[What to do] An identical reprint of the entire listing below is expected.

[Collected material]

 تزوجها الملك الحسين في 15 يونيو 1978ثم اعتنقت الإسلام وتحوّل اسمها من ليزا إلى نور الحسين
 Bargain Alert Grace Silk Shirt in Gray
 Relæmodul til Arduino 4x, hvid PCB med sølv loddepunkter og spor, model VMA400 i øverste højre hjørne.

[Response to the exercise]
 تزوجها الملك الحسين في 15 يونيو 1978ثم اعتنقت الإسلام وتحوّل اسمها من ليزا إلى نور الحسين
 Bargain Alert Grace Silk Shirt in Gray
 Relæmodul til Arduino 4x, hvid PCB med sølv loddepunkter og spor, model VMA400 i øverste højre hjørne.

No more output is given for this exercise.